Instability in the global financial system or in the oil and gas industry sector may have impacts on our liquidity and financial condition that we currently cannot predict.
Instability in the global financial system or in the oil and gas industry sector may have a material impact on our liquidity and our financial condition. We rely upon access to both our revolving credit facility and longer-term capital markets as sources of liquidity for any capital requirements not satisfied by the cash flow from operations or other sources. Our ability to access the capital markets or borrow money may be restricted or made more expensive at a time when we would like, or need, to raise capital, which could have an adverse impact on our flexibility to react to changing economic and business conditions and on our ability to fund our operations and capital expenditures in the future. The economic situation could have an impact on our lenders or customers, causing them to fail to meet their obligations to us, and on the liquidity of our operating partners, resulting in delays in operations or their failure to make required payments. Also, market conditions, including with respect to commodity prices such as for oil and gas, could have an impact on our oil and gas derivative instruments if our counterparties are unable to perform their obligations or seek bankruptcy protection. Additionally, challenges in the economy have led and could further lead to reductions in the demand for oil and gas, or further reductions in the prices of oil and gas, or both, which could have a negative impact on our financial position, results of operations and cash flows.

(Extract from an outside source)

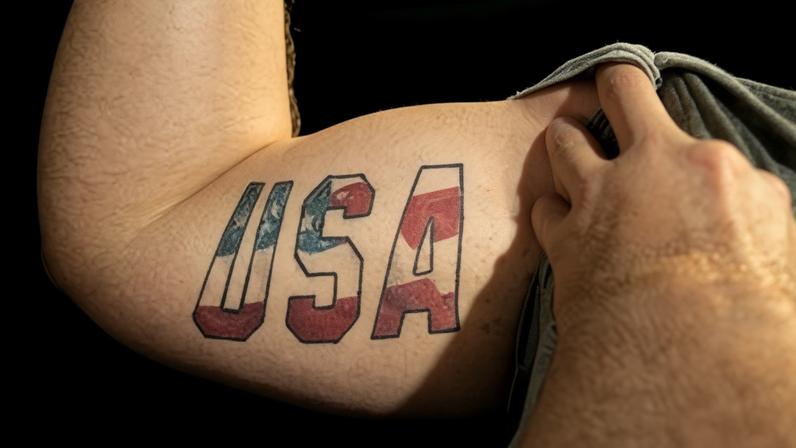 A man flexing his bicep demonstrates a U.S.A. tattoo in red, white and blue.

The risks associated with our debt and the provisions of our debt agreements could adversely affect our business, financial position and results of operations.

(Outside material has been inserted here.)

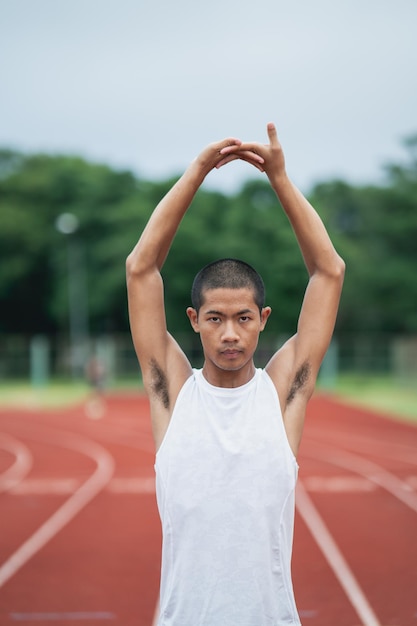 Atleten sport man loper dragen witte sportkleding om uit te rekken en op te warmen voordat ze oefenen op een atletiekbaan in een stadion Runner sport concept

We have demands on our cash resources, including interest expense, operating expenses and funding of our capital expenditures. Our level of long-term debt, the demands on our cash resources and the provisions of the credit agreement governing our revolving credit facility and the indentures governing our 7.50% Senior Notes, our 6.25% Senior Notes due 2023 (the “6.25% Senior Notes”) and our 8.25% Senior Notes may have adverse consequences on our operations and financial results, including:
placing us at a competitive disadvantage compared to our competitors that have lower debt service obligations and significantly greater operating and financial flexibility than we do;
limiting our financial flexibility, including our ability to borrow additional funds, pay dividends, make certain investments and issue equity on favorable terms or at all;
limiting our flexibility in planning for, and reacting to, changes in business conditions;
increasing our interest expense on our variable rate borrowings if interest rates increase;
requiring us to use a substantial portion of our cash flow to make debt service payments, which will reduce the funds that would otherwise be available for operations and future business opportunities;
requiring us to modify our operations, including by curtailing portions of our drilling program, selling assets, reducing our capital expenditures, refinancing all or a portion of our existing debt or obtaining additional financing, which may be on unfavorable terms; and
making us more vulnerable to downturns in our business or the economy, including a decline in oil prices.

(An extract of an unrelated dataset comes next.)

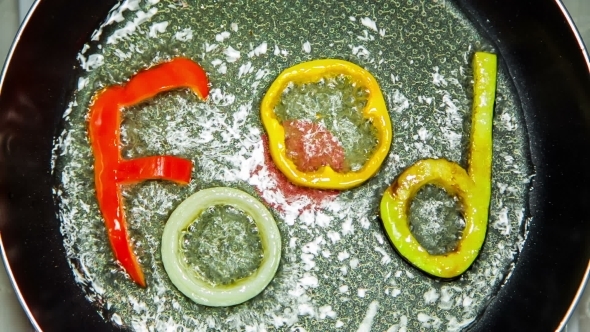 Frying Wok With Slices Of Vegetable Letters Being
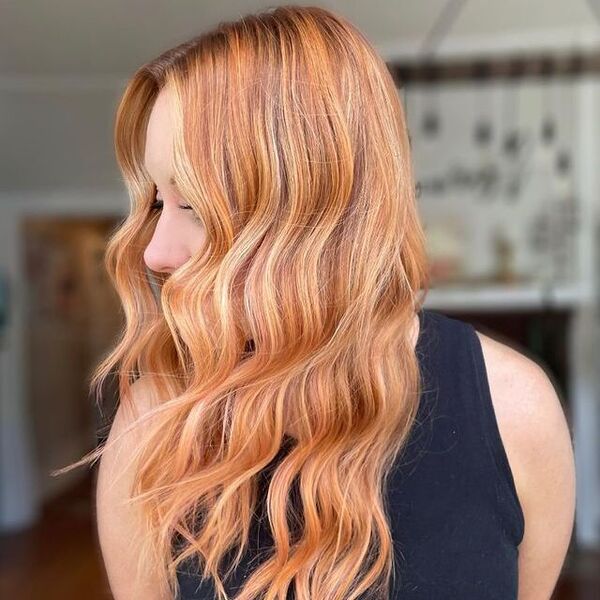 Strawberry Blonde Hair with Highlights - a woman wearing a black sleeveless shirt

In addition, the provisions of our revolving credit facility and our 7.50% Senior Notes, our 6.25% Senior Notes and our 8.25% Senior Notes place restrictions on us and certain of our subsidiaries with respect to incurring additional indebtedness and liens, making dividends and other payments to shareholders, repurchasing our common stock, repurchasing or redeeming our 7.50% Senior Notes, our 6.25% Senior Notes and our 8.25% Senior Notes, making investments, acquisitions, mergers and asset


dispositions, entering into hedging transactions and other matters. Our revolving credit facility also requires compliance with covenants to maintain specified financial ratios. Our business plan and our compliance with these covenants are based on a number of assumptions, the most important of which is relatively stable oil and gas prices at economically sustainable levels. If the prices that we receive for our oil and gas production continue to remain at low levels or to decline, it could lead to further reduced revenues, cash flow and earnings, which in turn could lead to a default under certain financial covenants contained in our revolving credit facility, including the covenants related to working capital and the ratios described above. Also, a further decline in or sustained low oil and gas prices could result in a lowering of our credit ratings by rating agencies, which could adversely impact the pricing of, or our ability to issue, new debt instruments. Because the calculations of the financial ratios are made as of certain dates, the financial ratios can fluctuate significantly from period to period as the amounts outstanding under our revolving credit facility are dependent on the timing of cash flows related to operations, capital expenditures, sales of oil and gas properties and securities offerings. If a further decline in oil or gas prices were to occur in the future or if low prices continue for an extended period, it could further increase the risk of a lowering in our credit rating or our inability to comply with covenants to maintain specified financial ratios. Additionally, these ratios may have the effect of restricting us from borrowing the full amount available under the borrowing base for our revolving credit facility. In order to provide a margin of comfort with regard to these financial covenants, we may seek to further reduce our capital expenditure plan, sell additional non-strategic assets or opportunistically modify or increase our derivative instruments to the extent permitted under our revolving credit facility. We cannot assure you that we will be able to successfully


execute any of these strategies, or if executed, that they will be sufficient to avoid a default under our revolving credit facility if a further decline in oil or gas prices were to occur in the future or if low prices continue for an extended period.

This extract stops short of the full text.